May calls urgent meetings on knife crime amid row over police numbers
Theresa May has ordered an urgent set of ministerial meetings to address action against knife crime, amid controversy over her claim that there was no direct link with cuts in police numbers.
Britain’s most senior police officer, Metropolitan Police Commissioner Cressida Dick, clashed with the Prime Minister on the issue, insisting there is “obviously” a connection between reductions in officer numbers and street violence.
The number of police officers in England and Wales has dropped by more than 20,000 since 2010, and levels of violent crime have risen in recent years.
Speaking in the wake of a slew of fatal knife attacks on teenagers in the capital and elsewhere, Ms Dick said: “If you went back in history, you would see examples of when police officer numbers have gone down and crime has not necessarily risen at the same rate and in the same way.
“But I think that what we all agree on is that, in the last few years, police officer numbers have gone down a lot, there’s been a lot of other cuts in public services, there has been more demand for policing and therefore there must be something, and I have consistently said that.
“I agree that there is some link between violent crime on the streets obviously and police numbers, of course there is and everybody would see that.”
On Monday, Mrs May sparked fury when she said there “was no direct correlation between certain crimes and police numbers”.
John Apter, chairman of the Police Federation, said the Prime Minister was “delusional”, while former Met Commissioner Lord Hogan-Howe called for 20,000 officers to be recruited and demanded that ministers “get a grip on the crisis”.
Chuka Umunna, of The Independent Group, also hit back, saying on Twitter: “It is absurd for the Prime Minister to suggest that having more police will not help reduce the violence on the streets.
“She insults people’s intelligence with this nonsense.”
At a Cabinet meeting on the issue of knife crime on Tuesday, Mrs May said that the killings of Jodie Chesney and Yousef Makki last week were “absolutely appalling” and told ministers her thoughts and sympathies were with the teenagers’ families.

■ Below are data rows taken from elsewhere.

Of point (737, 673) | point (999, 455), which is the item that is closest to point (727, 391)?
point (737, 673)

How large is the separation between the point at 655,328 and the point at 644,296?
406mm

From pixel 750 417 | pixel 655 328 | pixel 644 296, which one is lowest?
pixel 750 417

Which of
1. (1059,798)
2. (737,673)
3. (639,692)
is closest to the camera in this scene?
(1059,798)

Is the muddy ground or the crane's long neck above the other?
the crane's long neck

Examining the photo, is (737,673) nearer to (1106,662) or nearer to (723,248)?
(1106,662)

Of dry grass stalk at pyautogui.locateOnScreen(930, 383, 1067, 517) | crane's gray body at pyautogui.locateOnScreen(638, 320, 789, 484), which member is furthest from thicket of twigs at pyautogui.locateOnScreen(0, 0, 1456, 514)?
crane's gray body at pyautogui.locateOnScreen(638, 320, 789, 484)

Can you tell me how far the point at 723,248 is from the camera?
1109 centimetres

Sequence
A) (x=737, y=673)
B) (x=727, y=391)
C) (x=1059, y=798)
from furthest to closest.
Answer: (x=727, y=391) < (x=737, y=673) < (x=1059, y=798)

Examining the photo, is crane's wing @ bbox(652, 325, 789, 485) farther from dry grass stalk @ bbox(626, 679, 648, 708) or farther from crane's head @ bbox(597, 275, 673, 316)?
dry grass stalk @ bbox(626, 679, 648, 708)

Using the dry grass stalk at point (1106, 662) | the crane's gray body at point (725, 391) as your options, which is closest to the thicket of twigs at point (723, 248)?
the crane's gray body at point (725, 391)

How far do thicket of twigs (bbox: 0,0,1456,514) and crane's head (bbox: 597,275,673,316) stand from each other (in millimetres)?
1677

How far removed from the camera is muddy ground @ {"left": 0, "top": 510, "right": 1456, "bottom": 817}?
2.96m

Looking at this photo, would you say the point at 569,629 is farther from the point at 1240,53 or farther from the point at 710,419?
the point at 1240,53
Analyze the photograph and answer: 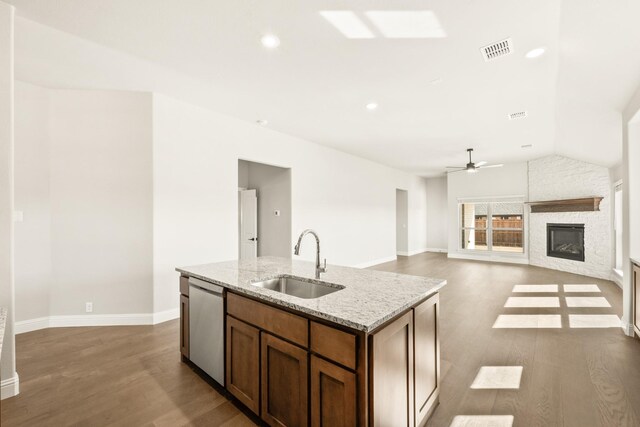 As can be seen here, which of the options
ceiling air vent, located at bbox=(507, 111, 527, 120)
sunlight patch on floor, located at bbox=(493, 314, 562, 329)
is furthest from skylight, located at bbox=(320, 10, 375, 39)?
sunlight patch on floor, located at bbox=(493, 314, 562, 329)

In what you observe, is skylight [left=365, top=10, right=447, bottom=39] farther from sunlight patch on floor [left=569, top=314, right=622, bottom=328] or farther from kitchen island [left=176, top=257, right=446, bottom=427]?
sunlight patch on floor [left=569, top=314, right=622, bottom=328]

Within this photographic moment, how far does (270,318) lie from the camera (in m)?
1.79

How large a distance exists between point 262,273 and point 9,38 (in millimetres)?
2659

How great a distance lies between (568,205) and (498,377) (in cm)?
643

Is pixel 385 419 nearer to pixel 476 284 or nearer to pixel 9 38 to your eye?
pixel 9 38

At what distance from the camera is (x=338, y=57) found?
2816mm

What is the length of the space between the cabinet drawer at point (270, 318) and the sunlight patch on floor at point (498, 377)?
169cm

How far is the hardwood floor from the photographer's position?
6.61ft

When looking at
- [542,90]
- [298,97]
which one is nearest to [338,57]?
[298,97]

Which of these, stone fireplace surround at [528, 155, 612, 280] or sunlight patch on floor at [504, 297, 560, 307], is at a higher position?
stone fireplace surround at [528, 155, 612, 280]

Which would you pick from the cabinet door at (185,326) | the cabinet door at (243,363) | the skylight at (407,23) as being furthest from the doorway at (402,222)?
the cabinet door at (243,363)

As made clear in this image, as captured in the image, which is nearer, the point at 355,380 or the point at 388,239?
the point at 355,380

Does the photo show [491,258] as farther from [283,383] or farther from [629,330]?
[283,383]

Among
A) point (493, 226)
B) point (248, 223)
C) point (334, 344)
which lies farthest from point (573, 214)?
point (334, 344) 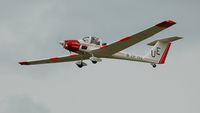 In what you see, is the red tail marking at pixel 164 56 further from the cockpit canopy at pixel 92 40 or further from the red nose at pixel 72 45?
the red nose at pixel 72 45

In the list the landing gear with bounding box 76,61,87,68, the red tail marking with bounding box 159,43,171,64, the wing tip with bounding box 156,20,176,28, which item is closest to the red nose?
the landing gear with bounding box 76,61,87,68

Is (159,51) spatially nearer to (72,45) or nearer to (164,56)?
(164,56)

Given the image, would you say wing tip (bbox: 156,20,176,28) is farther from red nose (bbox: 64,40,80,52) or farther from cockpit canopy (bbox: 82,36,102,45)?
red nose (bbox: 64,40,80,52)

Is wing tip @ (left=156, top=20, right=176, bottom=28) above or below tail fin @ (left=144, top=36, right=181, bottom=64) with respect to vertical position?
above

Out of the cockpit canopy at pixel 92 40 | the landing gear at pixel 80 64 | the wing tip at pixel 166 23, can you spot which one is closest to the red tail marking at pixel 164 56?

Mrs May’s official spokesman said that the PM told Cabinet that while the Government was already taking action, their deaths were “a stark reminder that there is more to do to tackle violence on our streets”.

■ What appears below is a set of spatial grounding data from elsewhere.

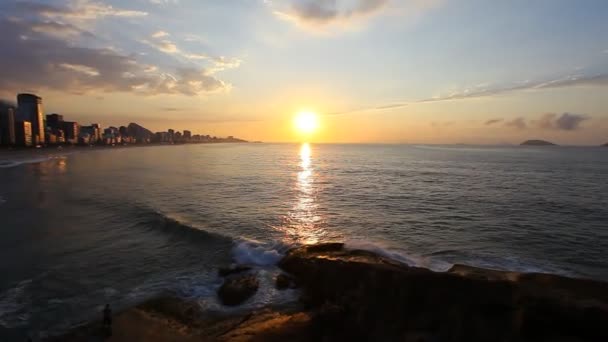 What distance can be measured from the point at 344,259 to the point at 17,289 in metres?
14.5

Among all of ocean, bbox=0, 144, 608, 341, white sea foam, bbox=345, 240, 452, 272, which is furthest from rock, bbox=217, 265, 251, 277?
white sea foam, bbox=345, 240, 452, 272

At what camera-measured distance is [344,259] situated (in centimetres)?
1617

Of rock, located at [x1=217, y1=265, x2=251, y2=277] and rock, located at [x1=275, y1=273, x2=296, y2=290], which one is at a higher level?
rock, located at [x1=275, y1=273, x2=296, y2=290]

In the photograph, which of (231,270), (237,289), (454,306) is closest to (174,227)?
(231,270)

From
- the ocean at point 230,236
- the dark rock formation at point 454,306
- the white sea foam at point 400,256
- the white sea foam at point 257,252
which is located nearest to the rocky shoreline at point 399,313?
the dark rock formation at point 454,306

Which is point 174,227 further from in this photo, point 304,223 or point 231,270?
point 231,270

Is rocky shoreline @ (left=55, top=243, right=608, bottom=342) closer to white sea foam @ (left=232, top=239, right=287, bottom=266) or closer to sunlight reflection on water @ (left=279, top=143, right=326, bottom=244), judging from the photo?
white sea foam @ (left=232, top=239, right=287, bottom=266)

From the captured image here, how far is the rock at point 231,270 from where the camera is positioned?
1731cm

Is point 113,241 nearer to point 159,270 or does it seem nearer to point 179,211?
point 159,270

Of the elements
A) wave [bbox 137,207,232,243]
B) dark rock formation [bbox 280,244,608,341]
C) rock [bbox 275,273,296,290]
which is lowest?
wave [bbox 137,207,232,243]

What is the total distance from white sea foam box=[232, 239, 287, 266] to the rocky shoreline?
4122 mm

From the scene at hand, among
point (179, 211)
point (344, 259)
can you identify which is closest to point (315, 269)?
point (344, 259)

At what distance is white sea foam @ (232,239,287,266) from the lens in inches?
749

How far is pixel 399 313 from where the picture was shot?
11.5m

She tasked the Home Office with co-ordinating an urgent series of Cabinet-level ministerial meetings and engagements to accelerate the work Government is doing in support of local councils and police.
Mrs May said the problem would require “a whole-of-Government effort, in conjunction with the police, the wider public sector and local communities”.
Meetings will take place “as soon as possible” and were being treated as “a priority” by the PM, said her spokesman.
Police figures show violent crime rose by nearly a fifth in the year to September 2018, intensifying the debate over whether the increase is linked to falling officer numbers.
Last year, the launch of the Government’s serious violence strategy was overshadowed when it emerged the 114-page report made no reference at all to workforce size.
Hours before it was published, The Guardian reported that internal Home Office research suggested that falls in police numbers had “likely contributed” to a rise in serious violent crime.
On Tuesday, London Mayor Sadiq Khan accused the Prime Minister and the Home Secretary of crying “crocodile tears” over rates of knife crime.
He told Sky News: “We need much more resources from the Government to invest in preventative services and policing.
“We have fewer police in London now in 2019 than at any time since 2003 – our population has grown by a million-and-a-half since 2003.
“Also, when it comes to youth services, over the last eight years dozens and dozens of youth centres have closed down, hundreds of youth workers have lost their jobs, thousands of young people who used to have youth centres to go to (now) haven’t.”
Ms Dick also hit out again at middle-class recreational drug users, agreeing that they have “blood on their hands”.
She was asked by LBC host Nick Ferrari: “Is it fair to say, commissioner, that some of these middle-class dinner parties that send out for cocaine on the weekend or whatever it might be, they’ve actually got blood on their hands of some of the people who are dying on the streets?”
Ms Dick replied: “I think anybody who is not seriously mentally ill, seriously addicted, who is seeking ‘recreational’ drugs, particularly class A drugs, yes, I think that is a good way to put it, I do.”
The drugs trade is one of the key drivers behind street violence, particularly county lines networks that target children and teenagers to work as couriers.
Several MPs, including a former Home Office minister, have called for the Government to convene a meeting of the Cobra emergency committee to respond to the “national crisis”.
Home Secretary Sajid Javid is to meet police chiefs on Wednesday to discuss the bloodshed.
Downing Street said that among those attending would be senior officers from seven of the forces most affected by violent crime – the Metropolitan Police, Merseyside, Greater Manchester, West Midlands, South Wales, South Yorkshire and West Yorkshire.